Ces écosystèmes se caractérisent par la présence d’un genre de mousse particulière, la sphaigne, qui est le genre le plus répandu au monde et dont on trouve en particulier d’immenses surfaces au Canada et en Russie. La sphaigne est particulière dans le sens où elle est capable de créer des conditions favorables à son propre développement… conditions qui s’avèrent être bien souvent défavorables aux autres ! Ainsi, elle piège les nutriments dont elle a besoin en faible quantité, comme le potassium ou l’azote … afin d’empêcher les autres plantes de se développer. Ces dernières souffrent également de sa capacité à retenir jusqu’à 30 fois son poids sec en eau ! Enfin, la sphaigne est capable d’acidifier son milieu, là encore au détriment des autres organismes. Les chercheurs estiment que c’est au moment de la dernière déglaciation, il y a environ 10 000 ans, qu’une grande partie des tourbières à sphaignes se sont constituées : après le retrait des glaciers, des lacs se sont formés puis petit à petit comblés et les sphaignes sont arrivées, souvent sur 5 à 6 mètres de profondeur. C’est au moins le cas pour les tourbières bombées.
Les tourbières : un puit de carbone
Une autre particularité des tourbières, et non des moindres, est que ce sont des écosystèmes capables de stocker la matière organique qu’ils produisent. Celle-ci se décompose en effet très lentement dans le sol tourbeux. Alors que dans une forêt, il y a globalement un équilibre entre la biomasse végétale produite d’une part et le carbone provenant de la dégradation de la matière organique d’autre part au bout d’une centaine d’années, dans une tourbière, on observe ce déséquilibre sur plusieurs millénaires.
« C’est comme dans un compte en banque, s’amuse Sébastien Gogo, si on y met plus d’argent qu’on en sort, mécaniquement, ça va s’accumuler.

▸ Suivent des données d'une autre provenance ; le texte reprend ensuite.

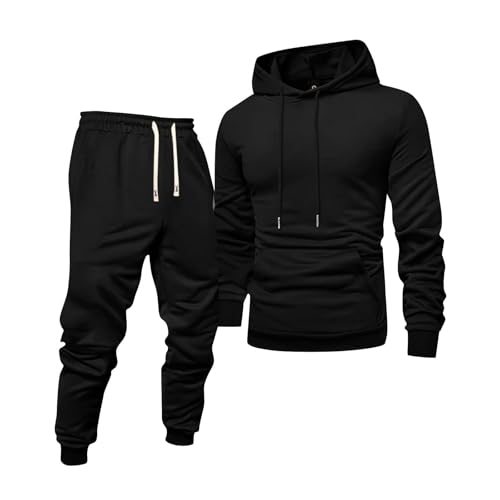 Mens Sweatsuits Drawstring Waist Ribbed Cuffs Casual Fleece Sweatsuits Hoodies and Sweatpants Sets with Pockets Active Streetwear Conjuntos Deportivos Para Hombre Black XXL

Ici, ça s’accumule depuis 10 000 ans ! ». Résultat : la tourbière stocke de très grande quantité de carbone depuis des millénaires. Si elles ne représentent que 3 % de la superficie du globe, elles contiennent environ 25 % du stock mondial de carbone organique du sol.
Menace sur les tourbières
Peut-être devrions nous malheureusement dire plutôt qu’elles contenaient environ 25 % du stock mondial de carbone organique du sol. En effet, dans certaines parties du monde, comme en Europe de l’ouest, ces écosystèmes ont été perturbés par les activités humaines, de manières directe et indirecte.
Dans le premier cas, il s’agit de l’extraction de tourbe, un peu pour faire du whisky, beaucoup pour le chauffage, et également en tant que support de culture étant donné la capacité de la sphaigne à retenir l’eau. Heureusement, grâce à une certaine prise de conscience, il y a de moins en moins d’extraction de tourbe… « mais les dommages sont là » se désole Sébastien Gogo . Toujours dans la catégorie des perturbations directes, on peut citer les sécheresses, qui arrivent de plus en plus fréquemment avec le changement climatique en cours, et provoquent des incendies de tourbe, comme on en voit notamment en Sibérie. Ces incendies sont très sournois : ils ne se voient pas forcément car la tourbe se consume très lentement, mais sont très difficile à éteindre.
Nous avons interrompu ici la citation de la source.